How Azure Machine Learning works
Using Azure Machine Learning requires an Azure account and Azure subscription. The subscription has standard and free pricing tiers and provides an endpoint and subscription key to access the service.
You can access Azure Machine Learning on the cloud or on your local machine through the Python software development kit (SDK), REST API, and Command Line Interface (CLI) extension. If you prefer low or no-code options, then Azure Machine Learning studio can be used to quickly train and deploy machine learning models.
Azure Machine Learning manages all the resources you need for the ML lifecycle inside a workspace. Workspaces can be shared by multiple people and include things like the computing resources available for your notebooks, training clusters, and pipelines. Workspaces are also the logical containers for your data stores and a repository for models and anything else within the model life cycle.

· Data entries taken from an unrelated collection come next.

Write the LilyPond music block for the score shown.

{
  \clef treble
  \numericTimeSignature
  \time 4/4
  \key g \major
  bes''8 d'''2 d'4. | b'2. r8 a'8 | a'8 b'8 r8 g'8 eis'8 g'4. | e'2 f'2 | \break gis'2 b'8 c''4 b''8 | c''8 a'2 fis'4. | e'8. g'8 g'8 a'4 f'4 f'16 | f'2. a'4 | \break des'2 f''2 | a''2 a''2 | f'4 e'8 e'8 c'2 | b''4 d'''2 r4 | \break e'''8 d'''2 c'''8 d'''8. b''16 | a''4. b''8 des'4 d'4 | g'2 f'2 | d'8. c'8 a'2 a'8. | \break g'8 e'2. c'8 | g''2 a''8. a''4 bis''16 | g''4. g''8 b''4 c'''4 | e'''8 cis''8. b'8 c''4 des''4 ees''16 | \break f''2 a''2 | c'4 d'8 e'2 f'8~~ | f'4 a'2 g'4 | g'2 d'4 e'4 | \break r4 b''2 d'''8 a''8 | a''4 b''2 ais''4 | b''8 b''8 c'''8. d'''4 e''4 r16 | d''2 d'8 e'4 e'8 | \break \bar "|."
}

How to create machine learning models
Models can be created using the SDK, imported from ML frameworks, or without code using the Azure Machine Learning studio. When you connect to a workspace, you can select various development environments with preloaded packages that contain curated environments for popular frameworks, such as TensorFlow and PyTorch. Compute targets can then be chosen to run a training script locally or on a virtual machine to create a model. Compute targets within Azure Machine Learning can automatically scale up and manage jobs to use GPU and CPU resources efficiently.

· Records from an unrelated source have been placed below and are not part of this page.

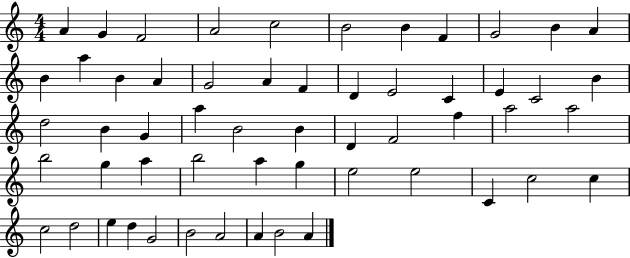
{
  \clef treble
  \numericTimeSignature
  \time 4/4
  \key c \major
  a'4 g'4 f'2 | a'2 c''2 | b'2 b'4 f'4 | g'2 b'4 a'4 | \break b'4 a''4 b'4 a'4 | g'2 a'4 f'4 | d'4 e'2 c'4 | e'4 c'2 b'4 | \break d''2 b'4 g'4 | a''4 b'2 b'4 | d'4 f'2 f''4 | a''2 a''2 | \break b''2 g''4 a''4 | b''2 a''4 g''4 | e''2 e''2 | c'4 c''2 c''4 | \break c''2 d''2 | e''4 d''4 g'2 | b'2 a'2 | a'4 b'2 a'4 | \break \bar "|."
}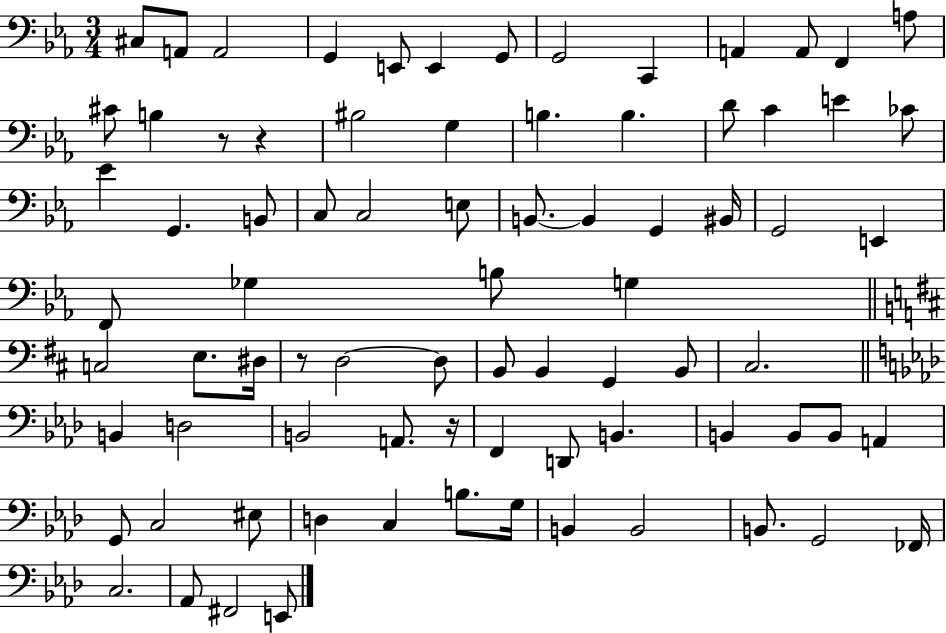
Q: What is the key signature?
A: EES major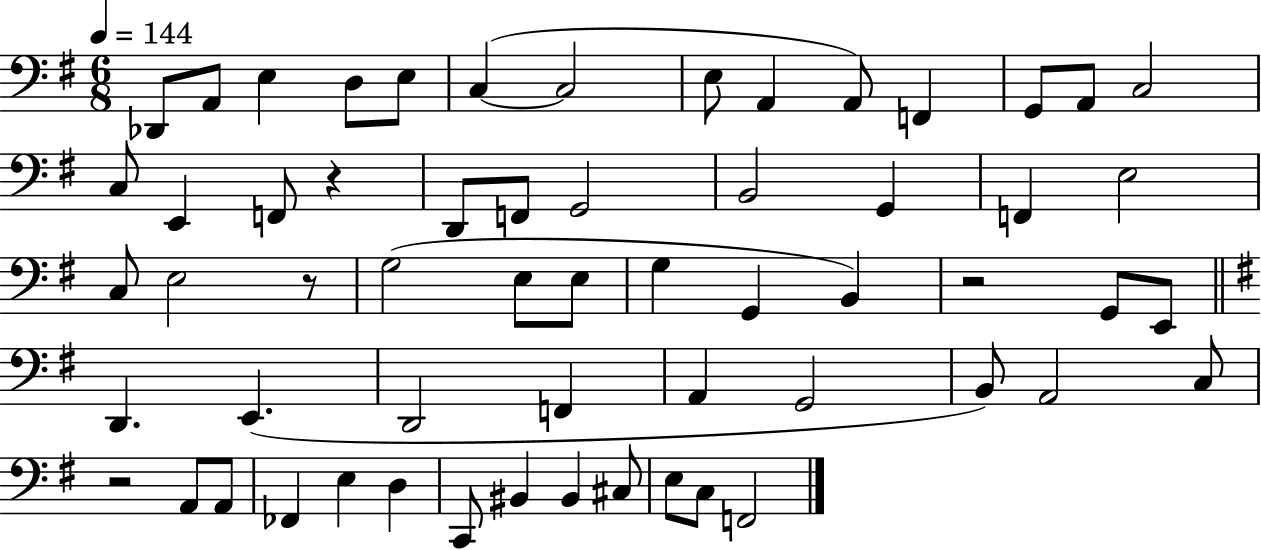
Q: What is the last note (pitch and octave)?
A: F2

The status of runs can be logged and monitored natively via the SDK, Azure Monitor, and Azure Machine Learning studio—or by installing packages to run MLFlow and TensorBoard. Visualization of training runs can then be viewed within the Azure studio or workspace to drill down on results and metrics.

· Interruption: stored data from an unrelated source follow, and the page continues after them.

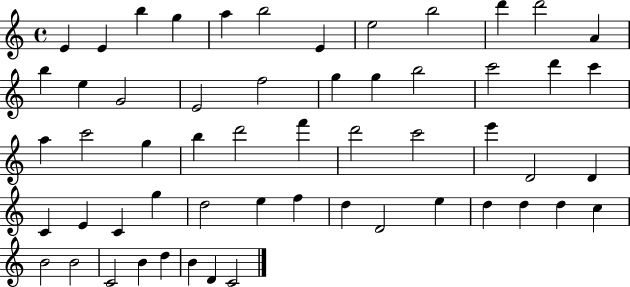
{
  \clef treble
  \time 4/4
  \defaultTimeSignature
  \key c \major
  e'4 e'4 b''4 g''4 | a''4 b''2 e'4 | e''2 b''2 | d'''4 d'''2 a'4 | \break b''4 e''4 g'2 | e'2 f''2 | g''4 g''4 b''2 | c'''2 d'''4 c'''4 | \break a''4 c'''2 g''4 | b''4 d'''2 f'''4 | d'''2 c'''2 | e'''4 d'2 d'4 | \break c'4 e'4 c'4 g''4 | d''2 e''4 f''4 | d''4 d'2 e''4 | d''4 d''4 d''4 c''4 | \break b'2 b'2 | c'2 b'4 d''4 | b'4 d'4 c'2 | \bar "|."
}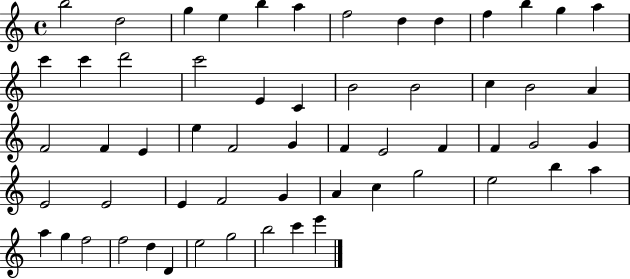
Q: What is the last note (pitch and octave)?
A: E6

In the following example, we can see how Azure Machine Learning studio’s visualization can be customized to add charts, compare data, and apply filters to better analyze your results and metrics.
Experiments
To train a model in Azure Machine Learning, you run an experiment—which is when a training script is run that can generate metrics and outputs that are tracked. You can run the same experiment multiple times with different hyperparameters, data, code, or settings. The workspace keeps a history of all training runs, including logs, metrics, outputs, and a snapshot of your scripts within the environment. In a collaborative project, experiment logs are a great way to review and track progress. They can show who is publishing or changing models, why changes were made, and when models were deployed or used in production.
Pipelines
A pipeline is a workflow of a complete machine learning task that can include data preparation, training, testing, and deployment. Pipelines have many uses. You can make a pipeline that trains models, makes predictions in real-time, or one that only cleans data. Because each step in a pipeline is independent, multiple people can work on different steps within the same pipeline at once. Azure Machine Learning Pipelines can save you time by only rerunning steps whose inputs have changed—drastically reducing runtimes if you're simply tweaking hyperparameters or other steps. Both Azure Data Factory and Azure Pipelines provide out-of-the-box pipelines for Azure Machine Learning, so you can focus on machine learning instead of infrastructure.
Data assets
You can create data assets from datastores, public URLs, and Azure Open Datasets. By creating a data asset, you reference the data source location—so data from training sets and pipelines will be stored without altering the original data. Data assets can then be registered, versioned, tracked, and traced to permit reuse and sharing across teams, roles, and experiments quickly. The versioning of reproducible experiments is also possible, allowing better analysis of data viability and model performance.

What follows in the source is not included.